Hi. This is my first thread created and post. If I am posting in the wrong area, please move it to the correct area. Anyway without further ado, 

Is there already a group in Rockford Illinois, USA? If not, how can I create one. I am looking for people to join or however it works, and if there is already one could someone please give me a link.
Thank you


----------



## TheCubingGash (Nov 8, 2014)

Hello around what part of Rockford do you live in? I'm really interested.


----------



## Deathranger999 (Nov 9, 2014)

I don't live in (or really around) Rockford, but I'm in the northeastern Illinois area, so this sounds cool.


----------



## 2180161 (Nov 9, 2014)

I actually dont live in Rockford, I live about 13 Miles southwest of it in Byron. There are 4 cubers here that I know of for sure. Me, my friend,my other friend and someone at my school. Me and my one friend went to Wiscube 2014, and I was the really short one. I would talk throughout the solve to the judge.


----------



## TheCubingGash (Nov 10, 2014)

Do you know of any competitions around the area? I really want to attend one.


----------



## 2180161 (Nov 11, 2014)

No, but I would like to host one, or however that works, but i dont know how.


----------



## 2180161 (Nov 11, 2014)

i found out how, I have emailed a Board Member of the WCA, to see if there can be a delegate, because there weren't any for Illinois, except for the board member i emailed.


----------



## Kit Clement (Nov 11, 2014)

2180161 said:


> i found out how, I have emailed a Board Member of the WCA, to see if there can be a delegate, because there weren't any for Illinois, except for the board member i emailed.



Ilkyoo doesn't live in Illinois anymore, he's moved back to Korea recently.


----------



## 2180161 (Nov 11, 2014)

SON OF A NON-LUBED CUBE


----------



## Deathranger999 (Nov 12, 2014)

A competition in Illinois would be AMAZING! Please make it happen.


----------



## 2180161 (Nov 12, 2014)

I will try my best. It probably wont happen for another year, but I will try! 
A competition in Illinois... Is Chicago well enough known that worlds could be hosted there one year any time from now?
If so, THAT WOULD BE BETTER THAN A LUBED, MODDED, AND TENSION WEILONG


----------



## Deathranger999 (Nov 13, 2014)

2180161 said:


> I will try my best. It probably wont happen for another year, but I will try!
> A competition in Illinois... Is Chicago well enough known that worlds could be hosted there one year any time from now?
> If so, THAT WOULD BE BETTER THAN A LUBED, MODDED, AND TENSION WEILONG



Hey, just make it happen and you'll be my best friend forever.  

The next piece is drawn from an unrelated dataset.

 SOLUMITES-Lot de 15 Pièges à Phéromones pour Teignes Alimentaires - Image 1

It would be neat, we'd probably get people like Chris and Josh to come.


----------



## slinky773 (Nov 13, 2014)

Kit Clement said:


> Ilkyoo doesn't live in Illinois anymore, he's moved back to Korea recently.

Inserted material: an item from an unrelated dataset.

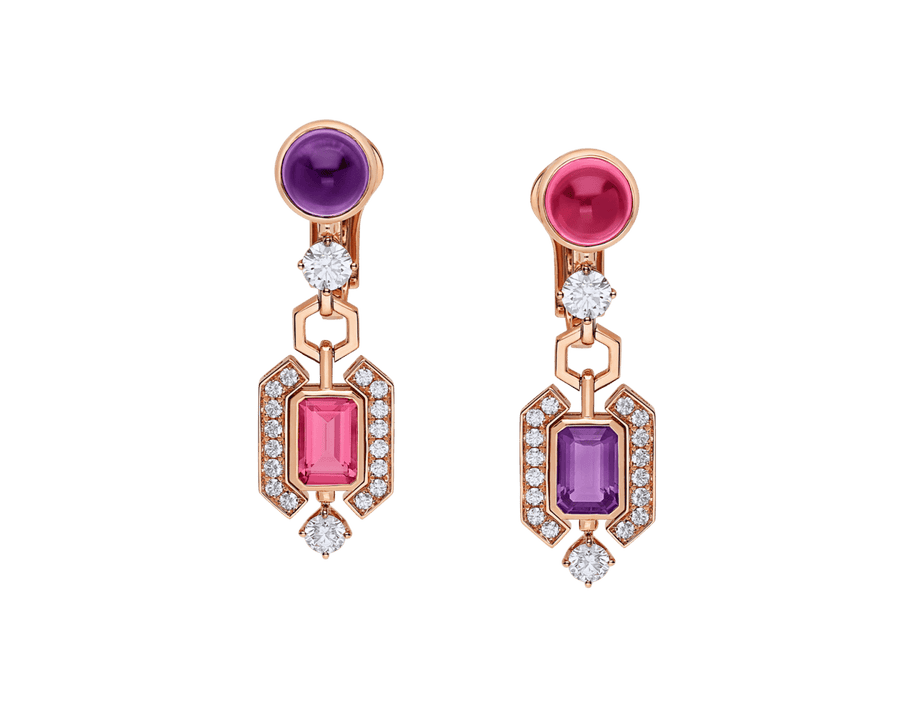 Bob Aeris Fan Starlet Shimmer Earrings, Rose Gold, Pink Tourmalines & Amethysts — real photo 2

Wait, so he's not planning to come back to Illinois? No more UIUC competitions? :O

That's unfortunate - for us, anyway. Although I guess Korea needs him more than we do, considering that we can always go to Mike's competitions or yours at U of M, like the one next week (yay Michigan Mystery).

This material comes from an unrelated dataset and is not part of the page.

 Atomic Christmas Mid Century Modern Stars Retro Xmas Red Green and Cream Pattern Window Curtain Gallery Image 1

OP: Isn't Kit a delegate? Couldn't you ask him to help you set up a competition at a venue? I was wondering this as well - I live in Buffalo Grove, IL, ~45 minutes away from Chicago in some suburbs a little south from there, and I was thinking about starting a cubing club at our school, as well as having the cubing club organize a competition. My only concern was school security, as well as the availability of a delegate.


----------



## Kit Clement (Nov 13, 2014)

slinky773 said:


> Wait, so he's not planning to come back to Illinois? No more UIUC competitions? :O
> 
> That's unfortunate - for us, anyway. Although I guess Korea needs him more than we do, considering that we can always go to Mike's competitions or yours at U of M, like the one next week (yay Michigan Mystery).
> 
> OP: Isn't Kit a delegate? Couldn't you ask him to help you set up a competition at a venue? I was wondering this as well - I live in Buffalo Grove, IL, ~45 minutes away from Chicago in some suburbs a little south from there, and I was thinking about starting a cubing club at our school, as well as having the cubing club organize a competition. My only concern was school security, as well as the availability of a delegate.



UIUC is still a possibility -- there's someone else running the cube club there now, but of course we'd have to get a delegate down there. I haven't heard about anything in UIUC for a while now, though.

I wouldn't mind going to IL for a competition, it would just have to be a good time for me. Anyone with significant competition experience, especially who has judged and scrambled a good deal, is welcome to send me a proposal for a competition. If the date works out and I see that the organizer has thought out all facets of the competition, then it will happen.


----------



## 2180161 (Nov 13, 2014)

How would i send you a proposal?
Just for future reference


----------



## cubistprime (Nov 13, 2014)

I'm only about an hour or so from Rockford. And Illinois needs more comps, like another Dixon Winter or UIUC or even one up in Chicago.


----------



## Mikel (Nov 13, 2014)

If John Brechon still enjoys getting Dixon, then there might be another Illinois competition.


----------



## Deathranger999 (Nov 14, 2014)

Mikel said:


> If John Brechon still enjoys getting Dixon, then there might be another Illinois competition.



I've been hoping, but from what I've heard he's busy with college and probably wouldn't have time for it, at least not until next summer.


----------



## 2180161 (Nov 14, 2014)

dang... Well I have a non-official competition going on the weekend before thanksgiving, if you would like to come
The venue is Byron Public Library, Byron Il 61010
Note, that I am going to be participating as well, and we will be using computer timers, such s cstimer, or cubetimer. I dont know the exact address for the venue, but put it into google, or something. I think the google address is Washington street, which is wrong.
Competition Time: 9:00 to the time the library closes. We will not have cubes for sale, or stickers, or anything. Lunch will be provided. 
More information can be found at byroncubecomp.weebly.com.
I will update the website as needed


----------



## 2180161 (Nov 14, 2014)

So far the schedule is
3x3-9:30- 10:00
2x2-10:30-11:00
Pyraminx-11:00-11:30
Megaminx-11:30-12:00
Lunch- 12:00 - 1:30 There is a lot of time for lunch, so that way your hands aren't greasy, you can give them a break, or practice. Get to know other cubers as well. NOTE: We will be having pizza for lunch. A slice will be $1.50, and drinks for $1.00
3x3 BLD- 1:30-2:00
4x4-2:00-2:30
5x5: 2:30- 3:00
3x3 -3:00- 3:30
2x2 3:30- 4:00
3x3 BLD 4:00 -4:30
Awards-4:30-5:00
The library closes at 5:00
Hopefully there are enough people


----------